=== Section Start ===
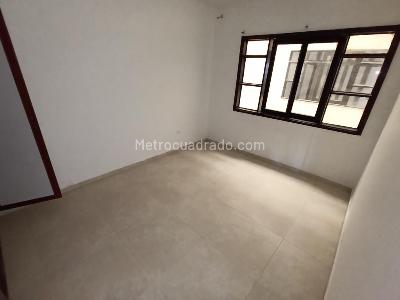Casa de 5 alcobas en venta en Santa Elena, Cali, 320 m² · foto 5 de 20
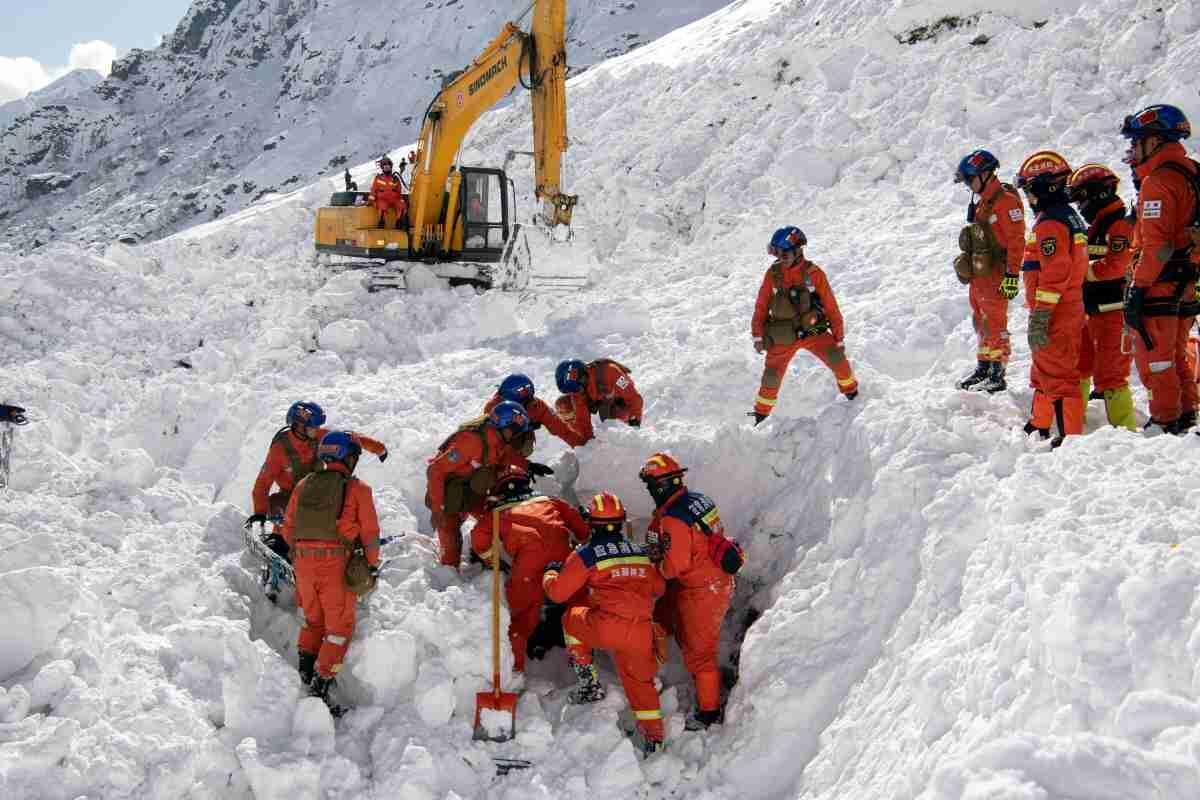 Search for Tibet avalanche survivors ends, 28 dead - World News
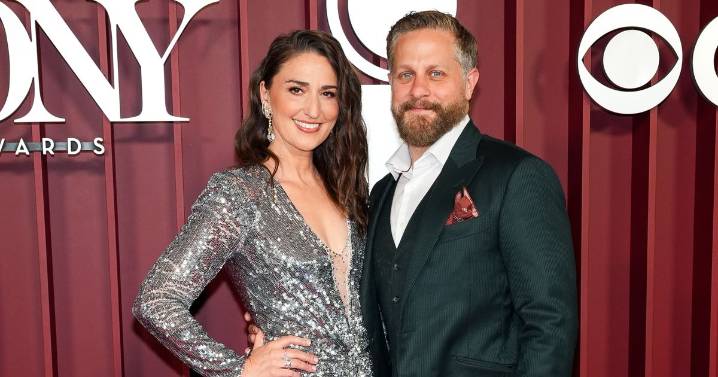 Sara Bareilles, Joe Tippett Married:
=== Section End ===
Please copy the data above exactly, omitting the pictures.

# SOLUTION TO THE PROBLEM:
Casa de 5 alcobas en venta en Santa Elena, Cali, 320 m² · foto 5 de 20
 Search for Tibet avalanche survivors ends, 28 dead - World News
 Sara Bareilles, Joe Tippett Married:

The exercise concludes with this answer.